Short text fragments from websites
══════════
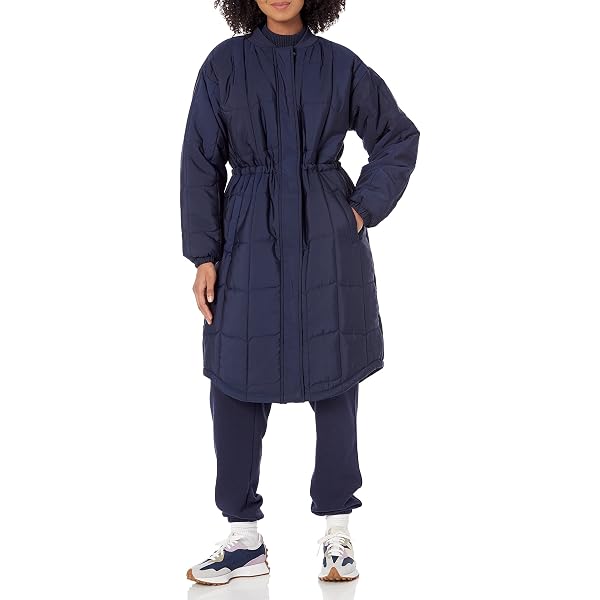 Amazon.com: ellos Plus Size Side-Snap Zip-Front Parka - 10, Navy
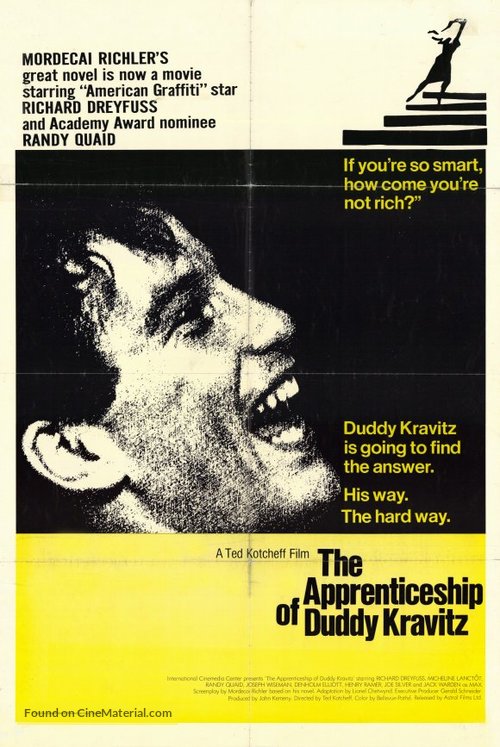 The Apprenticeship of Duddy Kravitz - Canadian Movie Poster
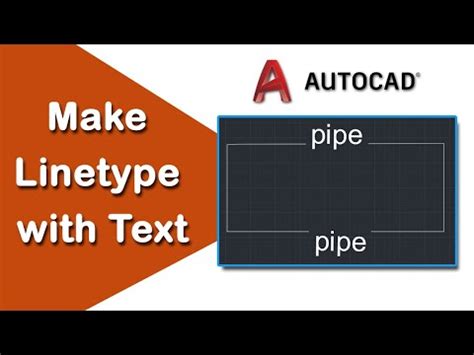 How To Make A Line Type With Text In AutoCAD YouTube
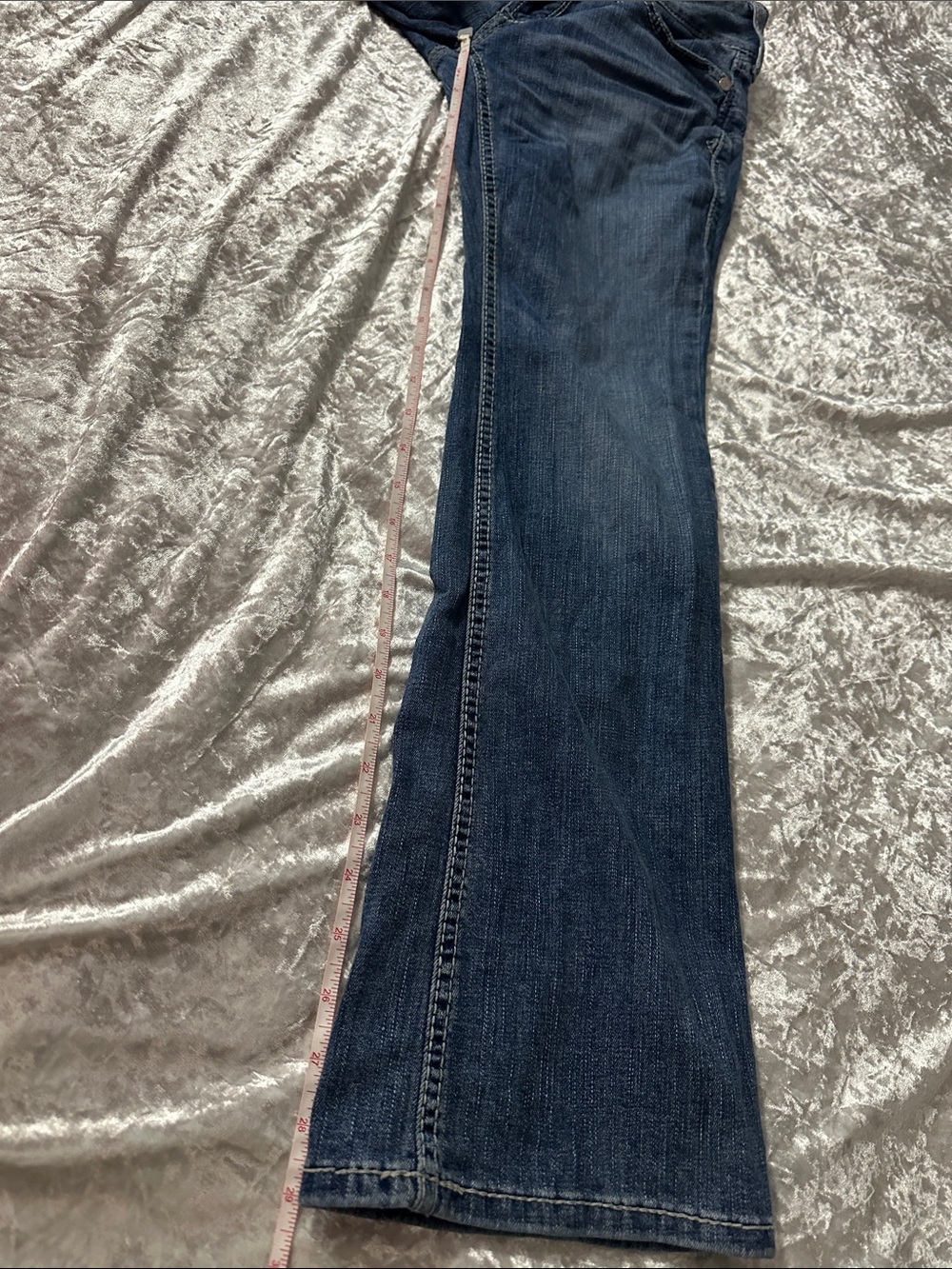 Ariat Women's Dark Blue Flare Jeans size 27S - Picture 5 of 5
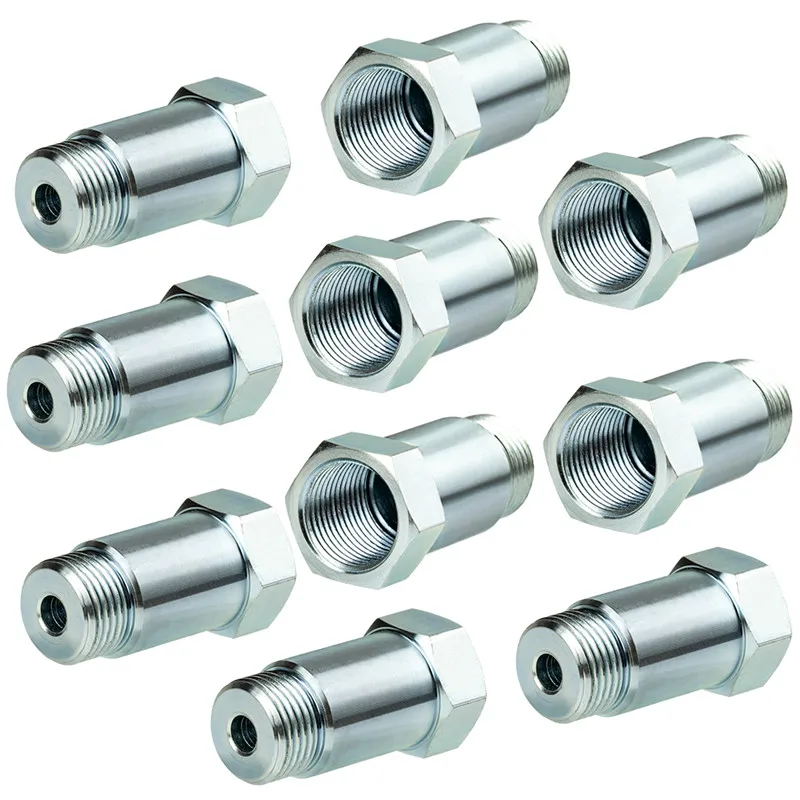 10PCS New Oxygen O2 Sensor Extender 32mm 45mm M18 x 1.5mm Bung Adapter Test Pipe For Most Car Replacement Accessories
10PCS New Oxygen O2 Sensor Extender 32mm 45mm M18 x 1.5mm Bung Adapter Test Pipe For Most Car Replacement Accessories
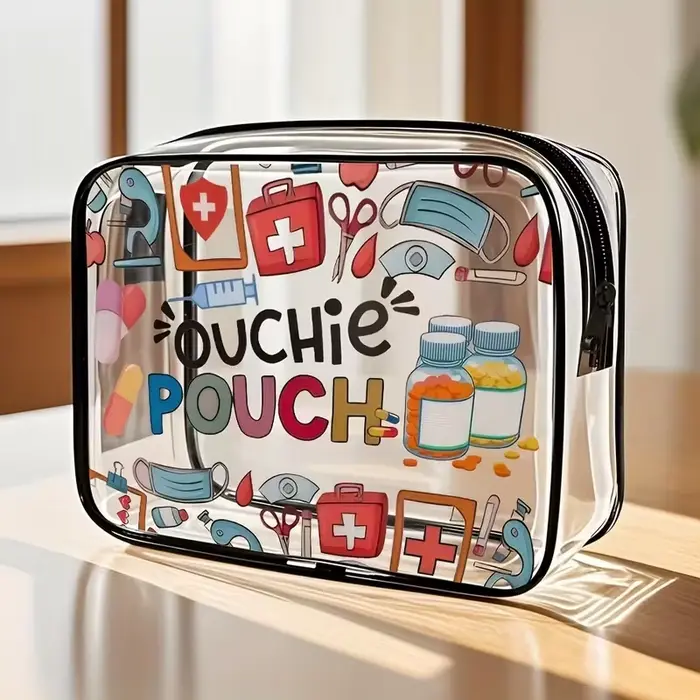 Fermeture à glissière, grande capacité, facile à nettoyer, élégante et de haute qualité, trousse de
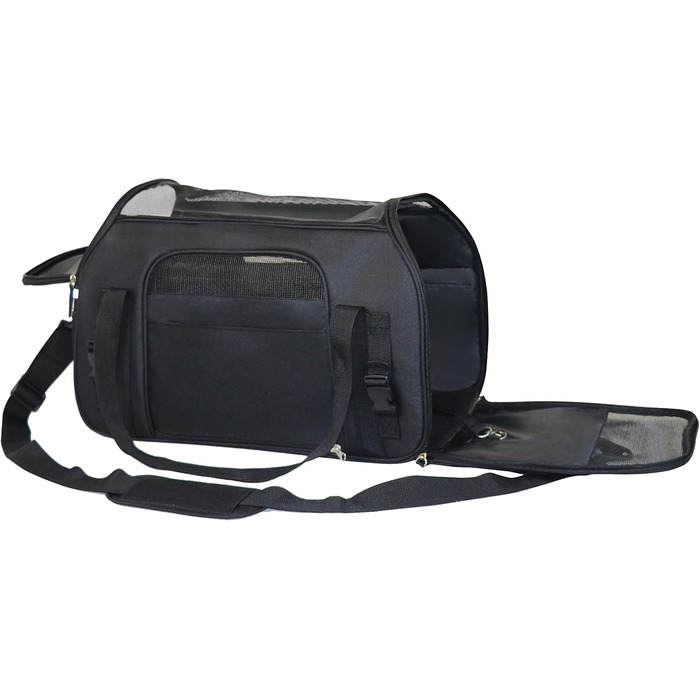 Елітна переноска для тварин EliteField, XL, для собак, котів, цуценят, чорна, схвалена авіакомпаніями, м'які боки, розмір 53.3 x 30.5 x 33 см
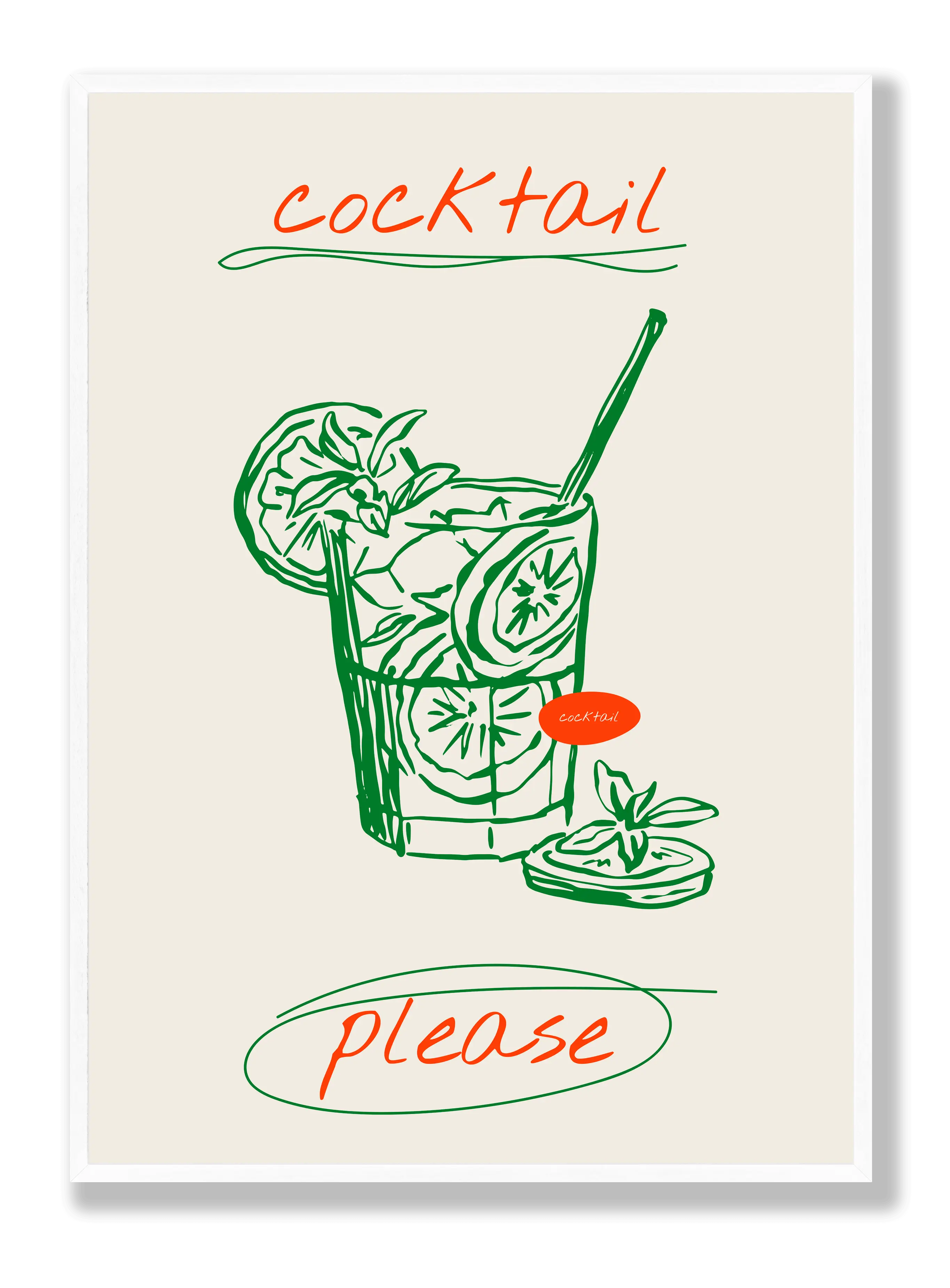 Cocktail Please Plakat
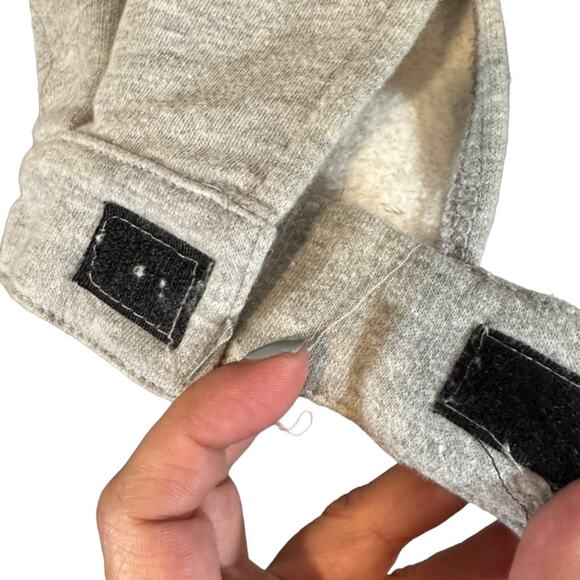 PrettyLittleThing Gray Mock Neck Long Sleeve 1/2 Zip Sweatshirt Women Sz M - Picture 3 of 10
══════════
Try it: All that is needed is an exact copy of the entries above, minus the pictures.

Final answer:
 Amazon.com: ellos Plus Size Side-Snap Zip-Front Parka - 10, Navy
 The Apprenticeship of Duddy Kravitz - Canadian Movie Poster
 How To Make A Line Type With Text In AutoCAD YouTube
 Ariat Women's Dark Blue Flare Jeans size 27S - Picture 5 of 5
 10PCS New Oxygen O2 Sensor Extender 32mm 45mm M18 x 1.5mm Bung Adapter Test Pipe For Most Car Replacement Accessories
10PCS New Oxygen O2 Sensor Extender 32mm 45mm M18 x 1.5mm Bung Adapter Test Pipe For Most Car Replacement Accessories
 Fermeture à glissière, grande capacité, facile à nettoyer, élégante et de haute qualité, trousse de
 Елітна переноска для тварин EliteField, XL, для собак, котів, цуценят, чорна, схвалена авіакомпаніями, м'які боки, розмір 53.3 x 30.5 x 33 см
 Cocktail Please Plakat
 PrettyLittleThing Gray Mock Neck Long Sleeve 1/2 Zip Sweatshirt Women Sz M - Picture 3 of 10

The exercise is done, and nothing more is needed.